:: What to do ::
Beginning with the line below that contains "anthro beneath_feet big_feet" and ending with the line that contains "Grey Velvet Dining", retype every line exactly. Pictures are not copied.

:: Provided information ::
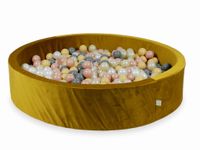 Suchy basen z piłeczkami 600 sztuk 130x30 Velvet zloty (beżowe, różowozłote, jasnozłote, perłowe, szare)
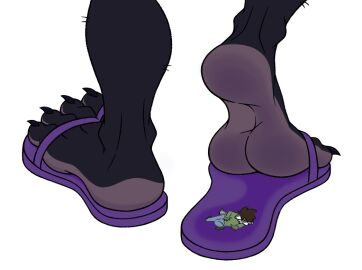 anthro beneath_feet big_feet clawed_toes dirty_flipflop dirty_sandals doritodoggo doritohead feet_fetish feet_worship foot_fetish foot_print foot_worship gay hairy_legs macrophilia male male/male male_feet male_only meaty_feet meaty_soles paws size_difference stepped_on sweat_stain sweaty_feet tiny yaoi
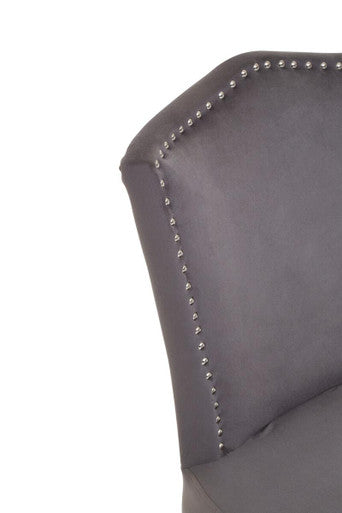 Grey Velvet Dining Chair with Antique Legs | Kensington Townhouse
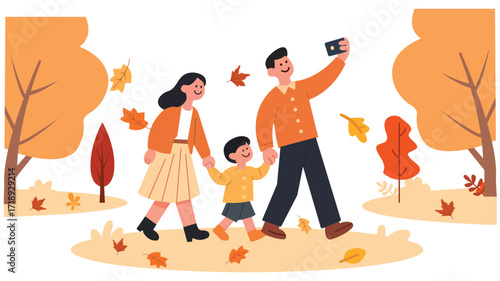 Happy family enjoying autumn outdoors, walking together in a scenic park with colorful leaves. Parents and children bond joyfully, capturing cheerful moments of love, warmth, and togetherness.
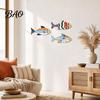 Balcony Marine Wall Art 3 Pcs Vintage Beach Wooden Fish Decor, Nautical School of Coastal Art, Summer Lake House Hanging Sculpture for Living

---

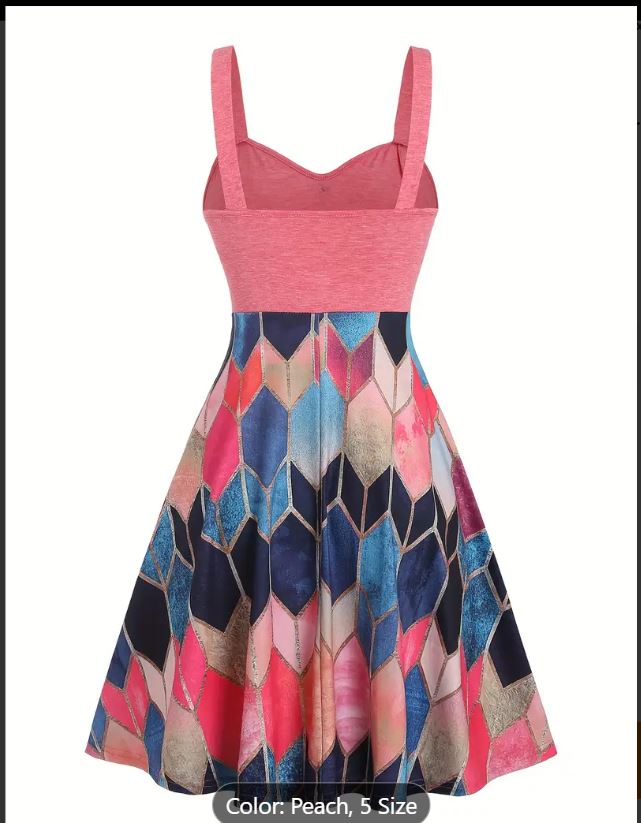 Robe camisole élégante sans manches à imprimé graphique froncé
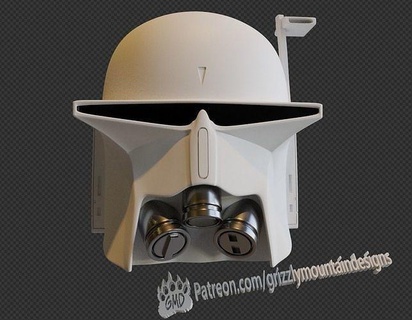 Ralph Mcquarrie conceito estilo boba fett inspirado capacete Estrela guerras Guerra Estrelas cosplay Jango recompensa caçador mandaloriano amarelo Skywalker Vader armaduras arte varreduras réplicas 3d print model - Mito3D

* * *

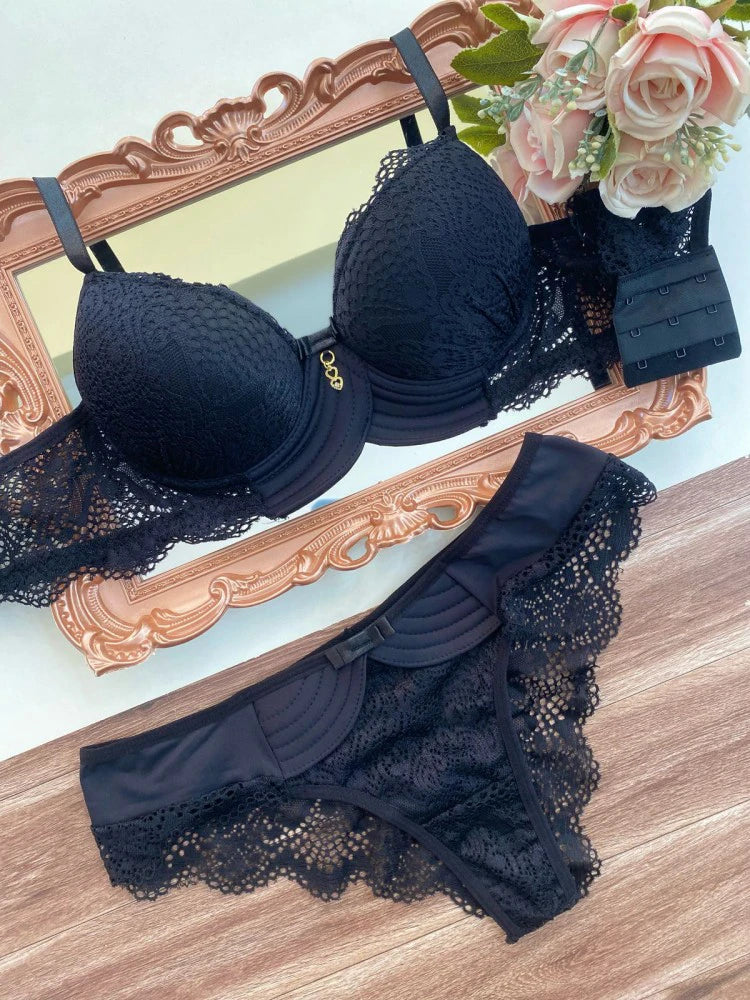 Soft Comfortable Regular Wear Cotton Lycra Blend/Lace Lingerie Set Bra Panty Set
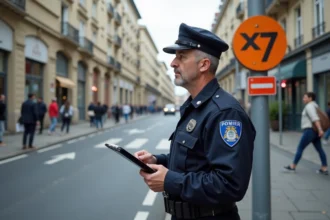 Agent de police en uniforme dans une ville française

:: Exercise answer ::
 anthro beneath_feet big_feet clawed_toes dirty_flipflop dirty_sandals doritodoggo doritohead feet_fetish feet_worship foot_fetish foot_print foot_worship gay hairy_legs macrophilia male male/male male_feet male_only meaty_feet meaty_soles paws size_difference stepped_on sweat_stain sweaty_feet tiny yaoi
 Grey Velvet Dining Chair with Antique Legs | Kensington Townhouse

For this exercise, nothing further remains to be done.